El director de Germania (2012), La helada negra (2015) y La siesta del tigre (2016) inauguró la sección especializada en cine latinoamericano con una historia de duelo y mimetización concebida junto a la escritora Selva Almada.
En tiempos de cambios profundos (las tradicionales granjas con vacas y tambos se cierran para dar paso a las plantaciones de soja que todo lo arrasan) un pueblo atraviesa un duelo colectivo. Es que un accidente en la ruta terminó con la vida de Jesús López (Lucas Schell), un joven piloto de carreras muy querido en el lugar desde que empezó a manejar un karting a los 6 años.
Tras el funeral, mientras amigos y familiares intentan retomar de a poco la rutina cotidiana (aunque el sentimiento de venganza no tarda en aflorar), Abel -primo de la víctima- empieza a obsesionarse con todo lo que estuvo relacionado con Jesús: su Fiat 600 de carrera, su ropa, quien fuera su novia... Un proceso de identificación y hasta de mimetización que Schonfeld expone con más naturalidad que rasgos de perversión.
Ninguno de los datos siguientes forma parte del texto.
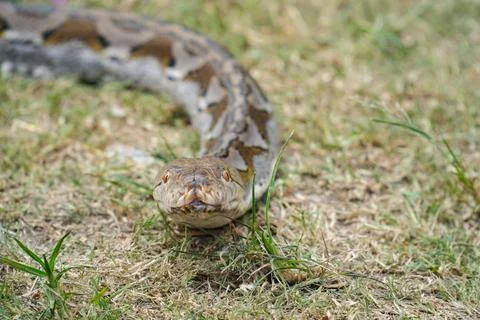 A portrait of a Python hunting on grass. big snake on grass. looking at camer Stock Photos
De hecho, ni los padres de Jesús (o sea, los tíos de Abel) ni el resto del pueblo toma a mal que este adolescente sin demasiado rumbo ni identidad propia se prepare con el auto que antes usara Jesús para participar en una carrera que se organizará en homenaje del corredor fallecido.
Entre el thriller psicológico, el drama familiar (las muy diversas formas de atravesar el dolor y reinventarse es uno de los ejes del relato) y ciertos tópicos ligados a los rituales de iniciación y socialización juvenil en medio de una dinámica pueblerina, esta película coescrita por el propio Schonfeld y Selva Almada tiene ciertos rasgos perturbadores que luego no son del todo explotados por una narración que de forma premeditada omite, sugiere o expone solo en el fuera de campo algunos conflictos (místicos, sexuales, afectivos), aunque sin por eso perder interés respecto de la resolución de la carrera final y la “conversión” de Abel en Jesús.
Que Schonfeld es un obsesivo y un virtuoso a la hora de pensar y concebir cada cada mínimo elemento audio-visual de sus películas es algo que a esta altura no sorprende, pero la fotografía de Federico Lastra, el sonido de Sofía Straface y la música de Jackson Souvenirs (el dúo de Javier Diz y Norman MacLoughlin) está a la altura de sus exigencias y pretensiones. Resultan, así, aliados perfectos para la creación de climas que van de lo trágico a lo íntimo, de lo elegíaco a lo erótico, de una vida rural que se va despidiendo y todavía convive (cada vez con mayores contradicciones) con la urbana. Algunos sueñan con abandonar la naturaleza y abrazar la tecnología; otros, con superar la rutina y el vacío existencial, salir del agujero interior para transitar nuevos y superadores caminos.